Il caso. Un lavoratore addetto alla sorveglianza antincendio veniva licenziato per impossibilità sopravvenuta della prestazione, a seguito di giudizio di inidoneità espresso dal medico competente. Il Tribunale e la Corte d’Appello di Venezia dichiaravano illegittimo il licenziamento – accertando tramite CTU che il dipendente era in realtà idoneo alle mansioni – ma negavano il risarcimento del danno, ritenendo che il datore avesse agito senza colpa, confidando nel parere del medico aziendale.
La svolta della Cassazione. La Suprema Corte censura questa impostazione e cassa la sentenza. Richiamando l’art. 1228 c.c. sulla responsabilità per fatto degli ausiliari, i giudici di legittimità affermano che, essendo il medico competente un collaboratore del datore di lavoro, nominato da quest’ultimo ai sensi del d.lgs. 81/2008, il datore risponde anche dei fatti colposi di tale ausiliario.

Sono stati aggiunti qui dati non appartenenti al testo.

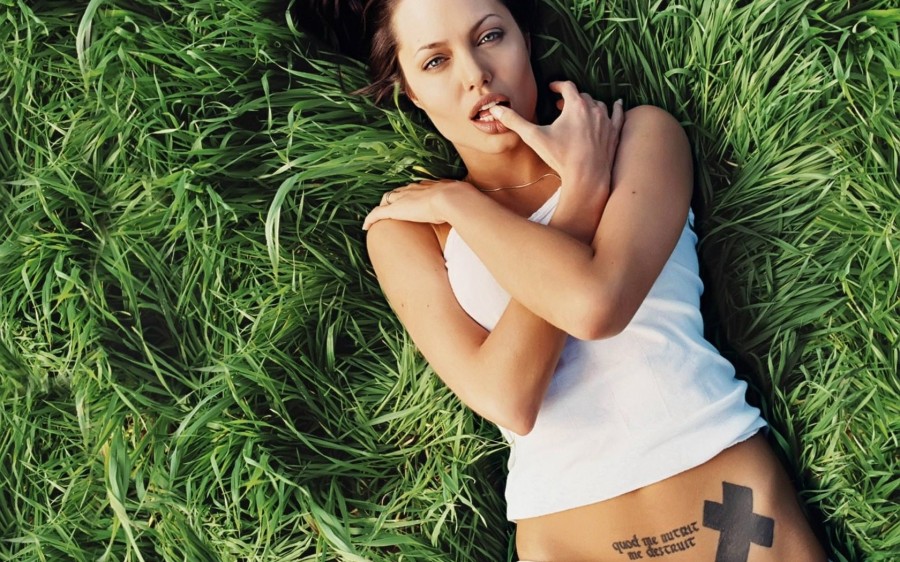 Angelina Jolie with New Bikini Tattoos Ideas for Women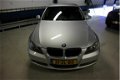 BMW 3-serie - 318i Business Line NAVI / CLIMA / VELG / NED AUTO + NAP - 1 - Thumbnail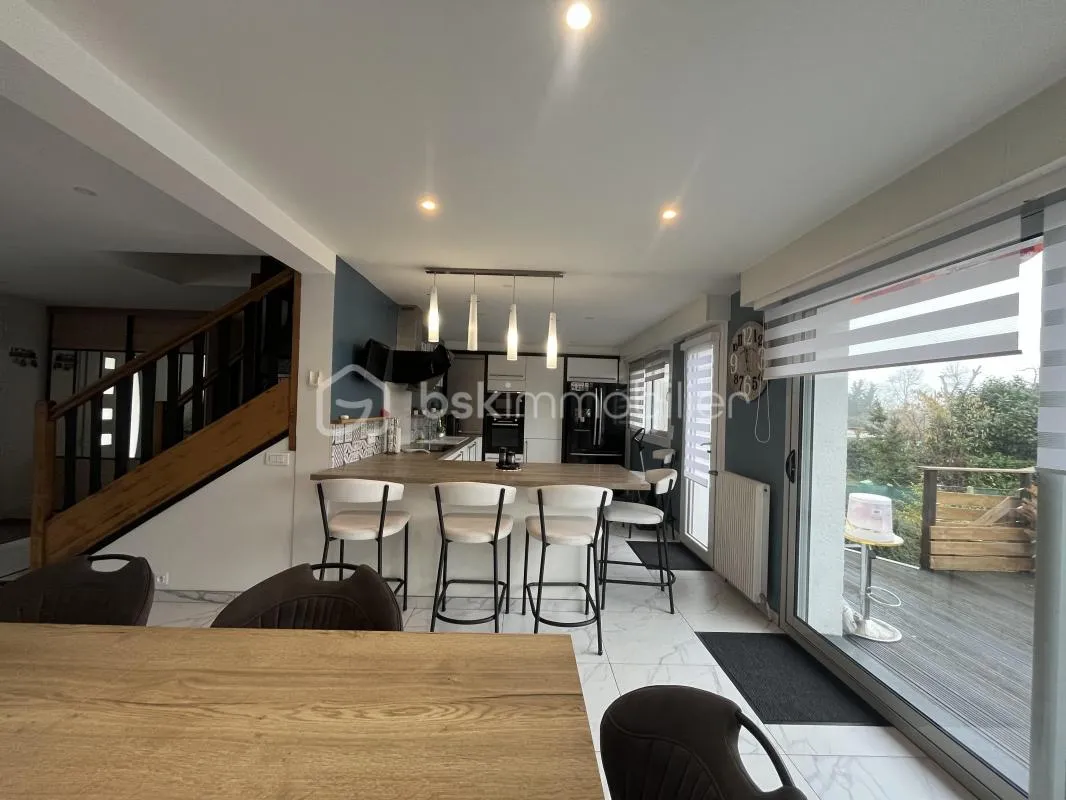 Découvrez l'harmonie d'une maison spacieuse avec deux terrasses et piscine !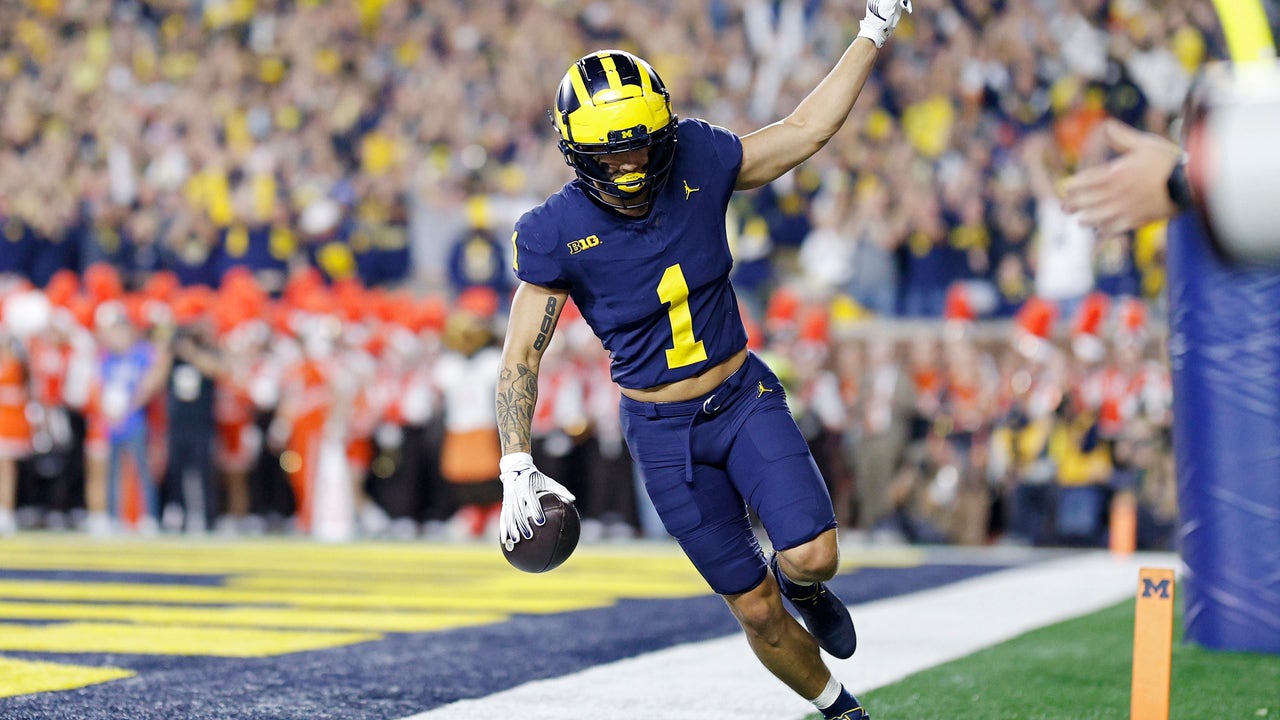 Blake Corum scores 2 TDs helps No. 2 Michigan pull away to beat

La sentenza distingue nettamente questa ipotesi da quelle – già esaminate dalla giurisprudenza – in cui l’inidoneità risulti certificata da enti pubblici o accertata secondo procedure vincolanti: solo in questi casi può configurarsi l’assenza di colpa datoriale. Quando invece il licenziamento si fonda unicamente sul giudizio del medico competente, il datore non può limitarsi a confidare passivamente in tale valutazione, ma deve attivarsi per acquisire ulteriori elementi: certificazioni di strutture pubbliche, conferma del giudizio da parte dell’ASL territorialmente competente (come previsto dall’art. 41, comma 9, d.lgs. 81/2008), o altri accertamenti sanitari indipendenti.
Conseguenze pratiche. La pronuncia impone, quindi, ai datori di lavoro maggiore diligenza nella gestione dei licenziamenti per inidoneità. Non basta più il parere del medico aziendale: occorre un’istruttoria più approfondita, pena l’applicazione integrale del regime risarcitorio previsto dalla legge, senza possibilità di invocare l’assenza di colpa per ridurre o azzerare l’indennizzo. Si tratta di una pronuncia che ben si inserisce nel recente filone giurisprudenziale che ha imposto ai datori di lavoro, in presenza di lavoratori affetti da disabilità o da gravi patologie, di adottare dei ragionevoli accomodamenti nell’organizzazione aziendale al fine di evitare forme di discriminazione indiretta nei loro confronti. Resta fermo, peraltro, il rispetto dell’obbligo di repechage, che impone in ogni caso la ricerca approfondita di posizioni compatibili con lo stato di salute del lavoratore.